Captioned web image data

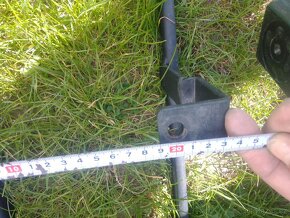 SHAD kufr na motorku - 7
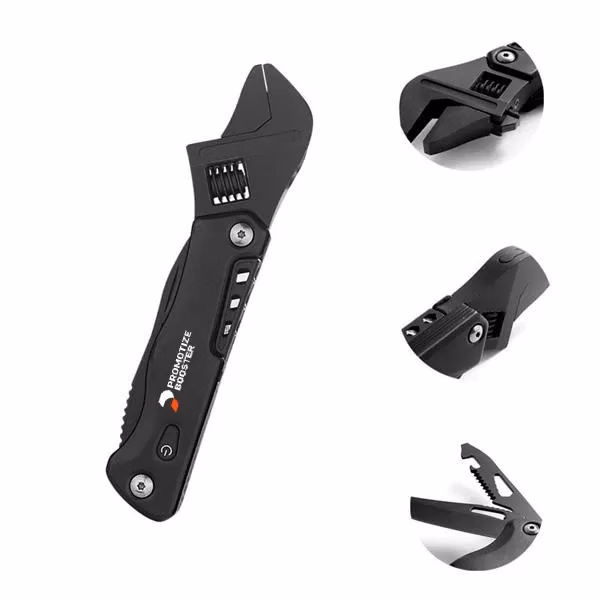 Monkey Wrench Multi-Tool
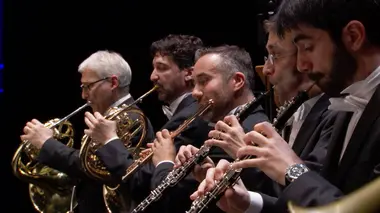 Orchestre de Chambre de Lausanne et Klaus Mäkelä Mozart, Schumann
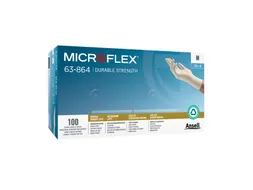 Ansell Microflex 63-864 handschoen - 8½-9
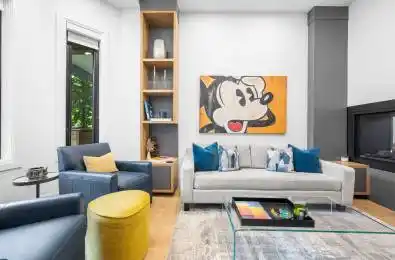 93 Argyle Street Toronto C01 Ontario M6J 1N8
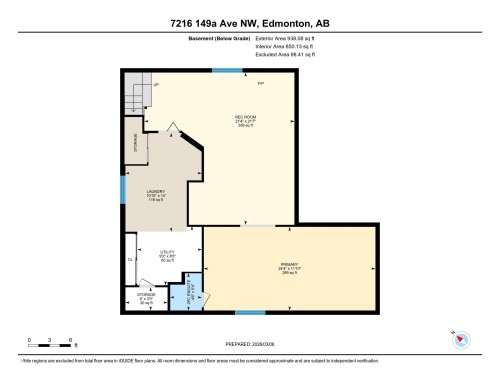 7216 149A Avenue, Edmonton, AB - Other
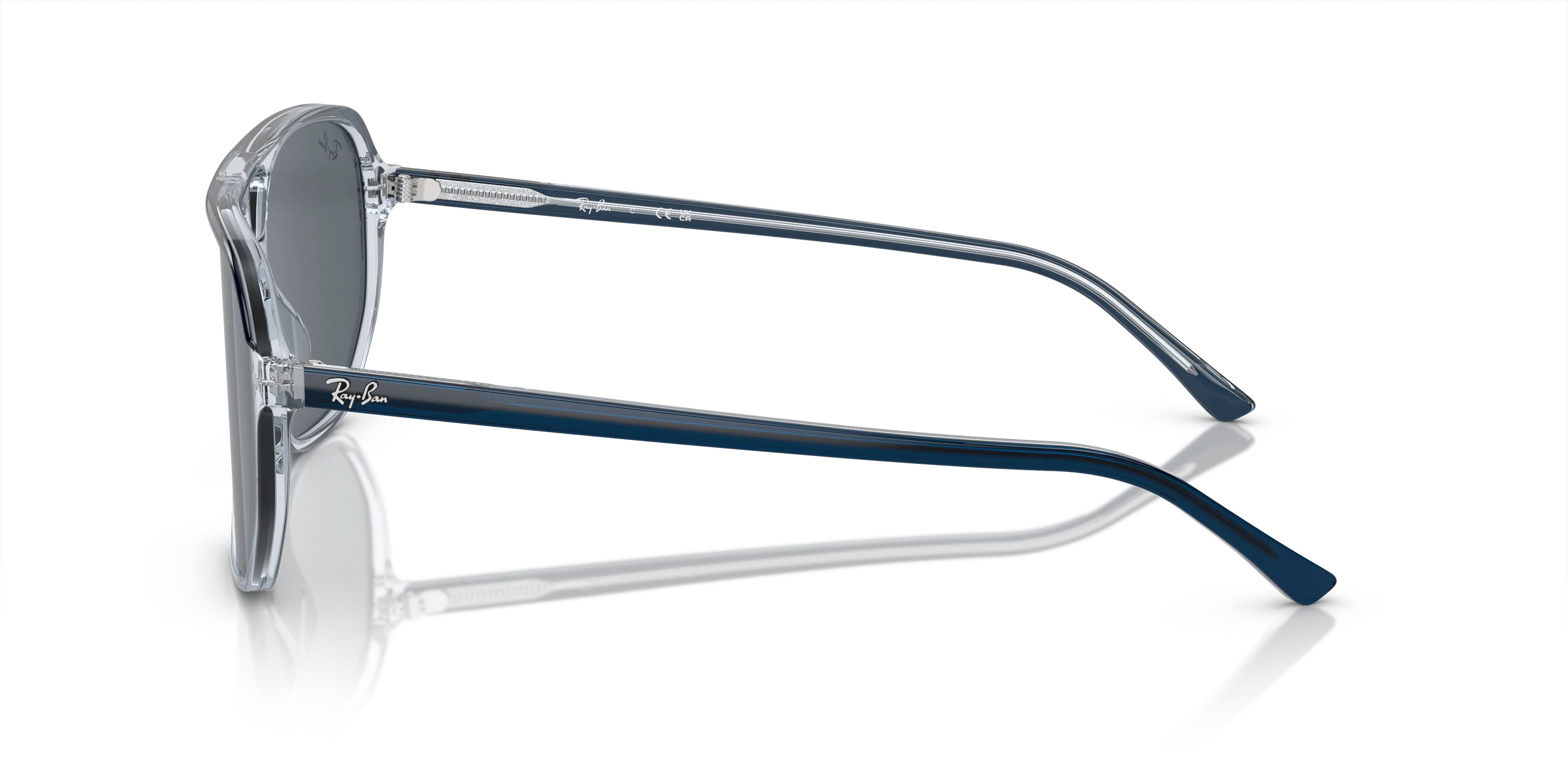 Angle_Left02, Ray-Ban BILL ONE RB2205 1397R5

HOW TO COMPLETE THIS TASK: Please set down every line of the data above precisely, dropping the images.

YOUR SOLUTION:
 SHAD kufr na motorku - 7
 Monkey Wrench Multi-Tool
 Orchestre de Chambre de Lausanne et Klaus Mäkelä Mozart, Schumann
 Ansell Microflex 63-864 handschoen - 8½-9
 93 Argyle Street Toronto C01 Ontario M6J 1N8
 7216 149A Avenue, Edmonton, AB - Other
 Angle_Left02, Ray-Ban BILL ONE RB2205 1397R5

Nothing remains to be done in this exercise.